Segment Start: THE INPUT

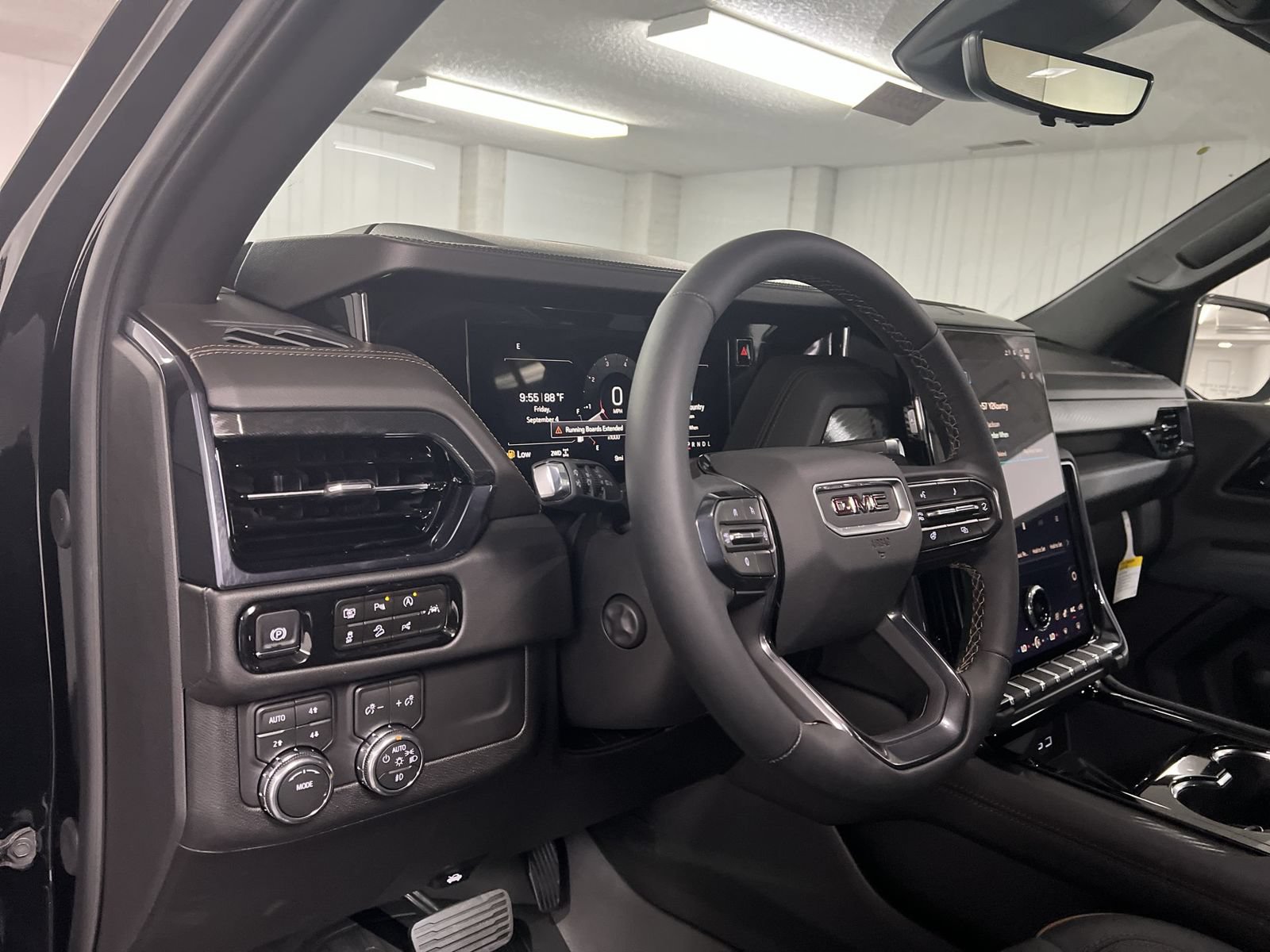 New 2026 GMC Yukon AT4 w/ AT4 Premium Package AWD/4WD image 31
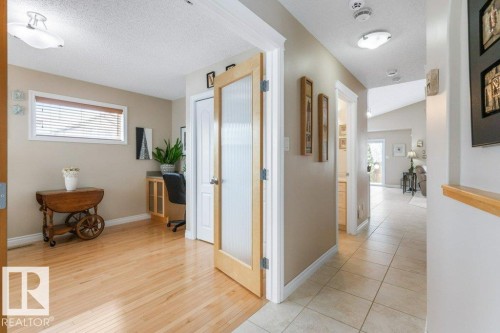 6712 Speaker Place, Edmonton, AB - Indoor Photo Showing Other Room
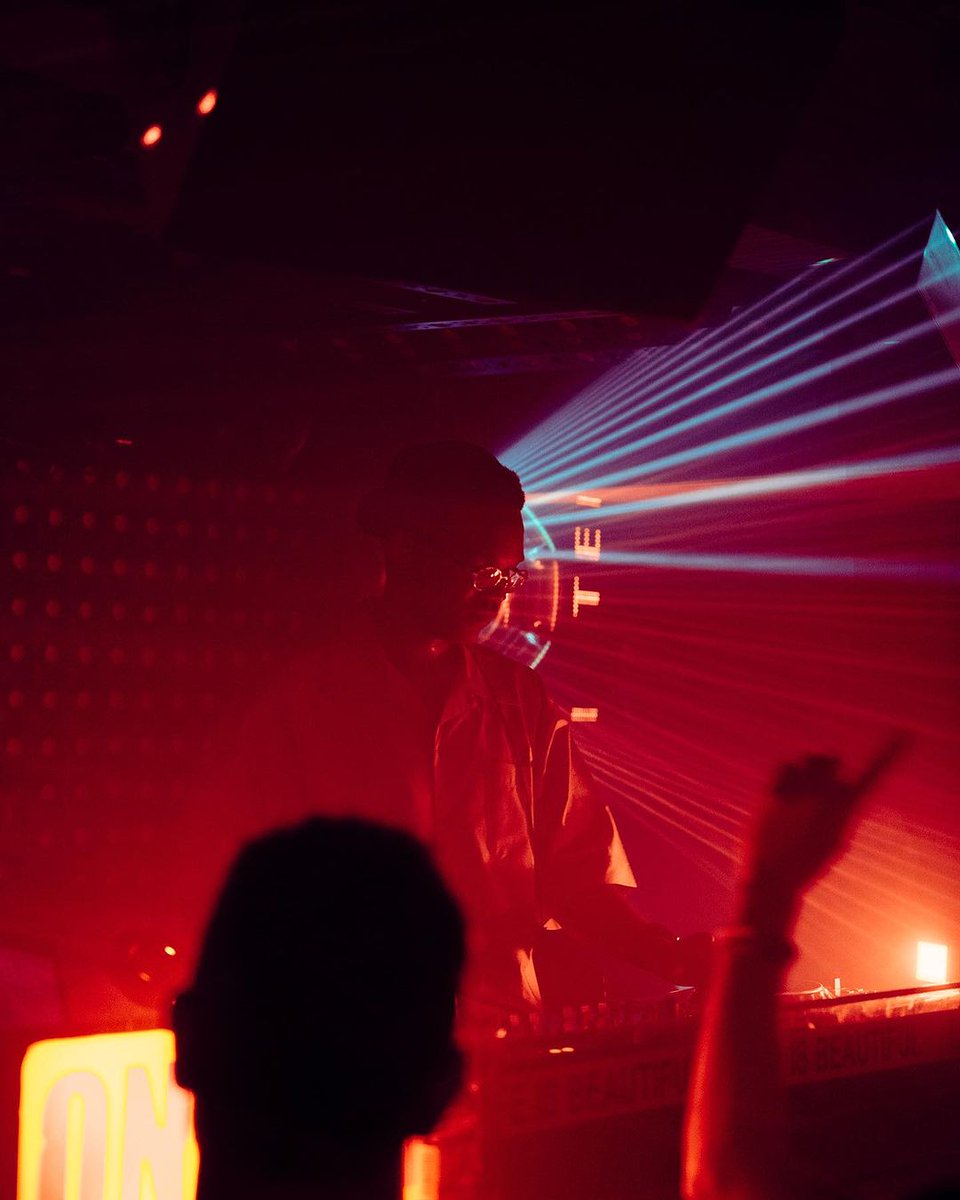 A small club with low ceiling? the IVL Photon's design (just 48cm!) allowed for an easy setup and optimal use of space and promise an immersive experience.

🇲🇽- Dinsmoor, club, Mexico, 2 IVL Photon

Club : @dinsmoorclub (on instagram &amp; facebook)

#ivlphoton #lightdesign #clubbing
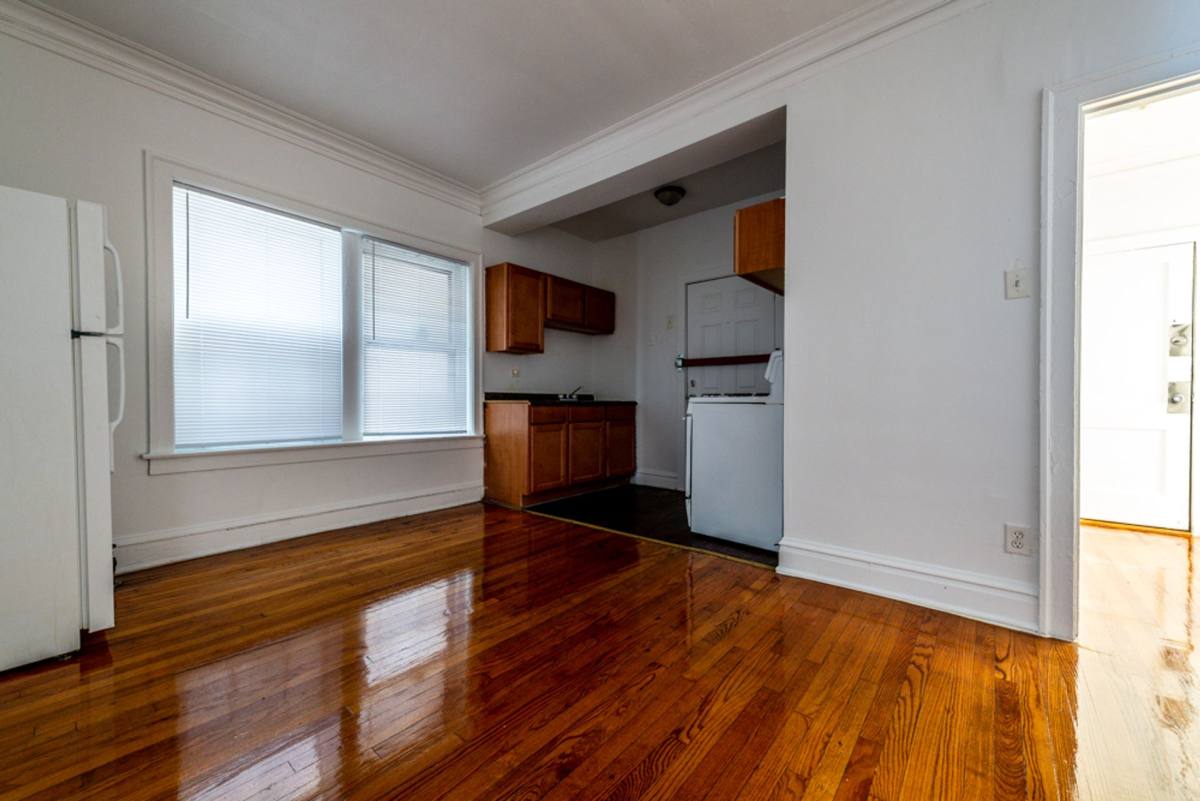 Apartment for rent at 7934-42 S Wabash, Chicago, IL 60619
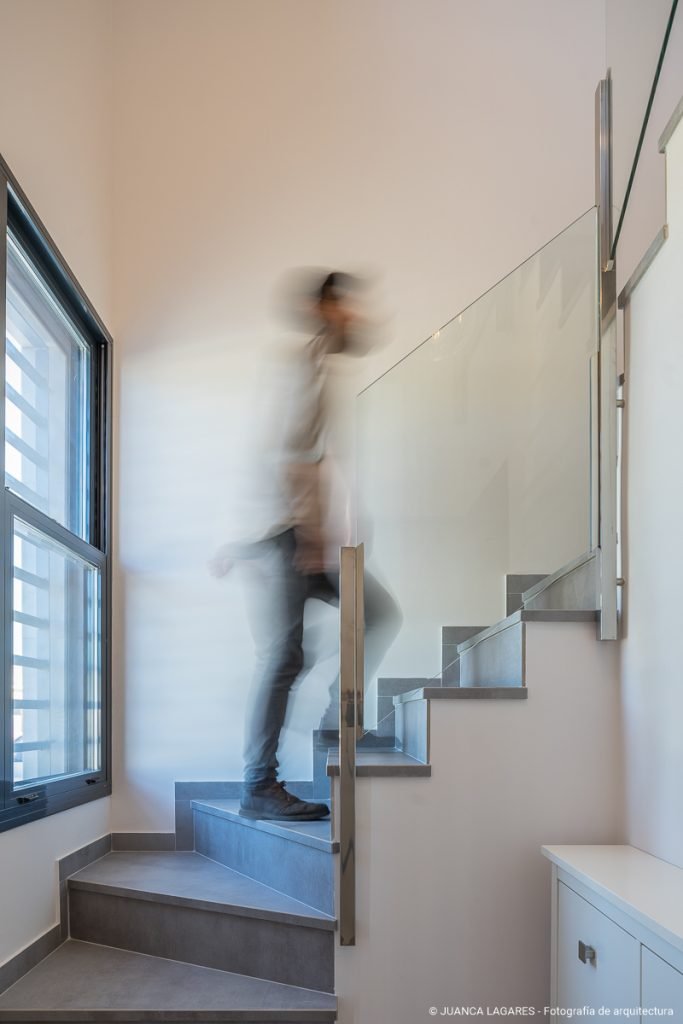 Casa ML, una vivienda unifamiliar en San José de la Rinconada, Sevilla, realizada por Castro Navarro Arquitectura.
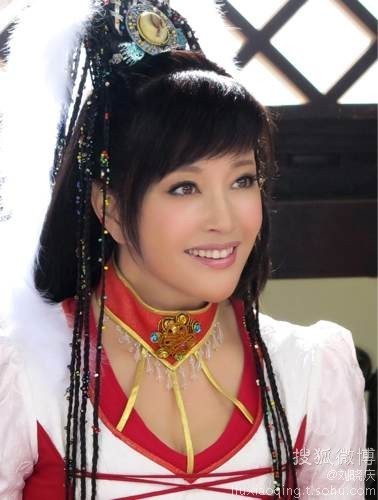 Lưu Hiểu Khánh trẻ trung trong tạo hình công chúa.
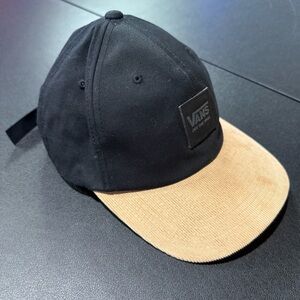 Vans Black and Tan Hat
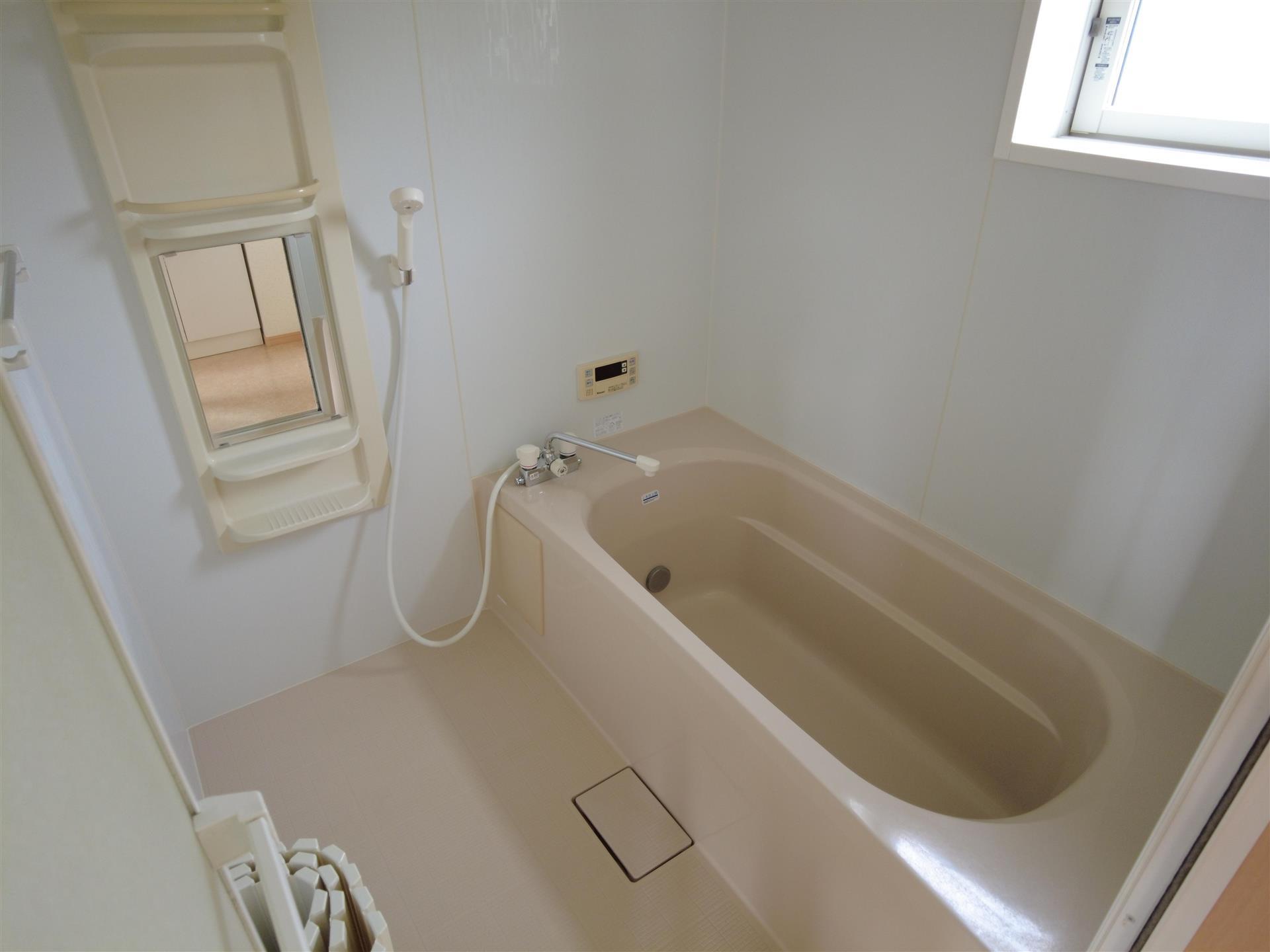 バス・シャワールーム　浴室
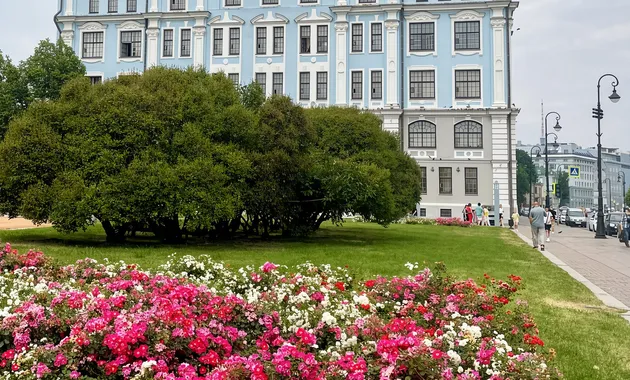 Город Петра в зеркале времён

Segment End: THE INPUT

WORK TASK — Please output all of the entries above exactly, but without any picture.

SOLUTION BELOW —
 New 2026 GMC Yukon AT4 w/ AT4 Premium Package AWD/4WD image 31
 6712 Speaker Place, Edmonton, AB - Indoor Photo Showing Other Room
 A small club with low ceiling? the IVL Photon's design (just 48cm!) allowed for an easy setup and optimal use of space and promise an immersive experience.

🇲🇽- Dinsmoor, club, Mexico, 2 IVL Photon

Club : @dinsmoorclub (on instagram &amp; facebook)

#ivlphoton #lightdesign #clubbing
 Apartment for rent at 7934-42 S Wabash, Chicago, IL 60619
 Casa ML, una vivienda unifamiliar en San José de la Rinconada, Sevilla, realizada por Castro Navarro Arquitectura.
 Lưu Hiểu Khánh trẻ trung trong tạo hình công chúa.
 Vans Black and Tan Hat
 バス・シャワールーム　浴室
 Город Петра в зеркале времён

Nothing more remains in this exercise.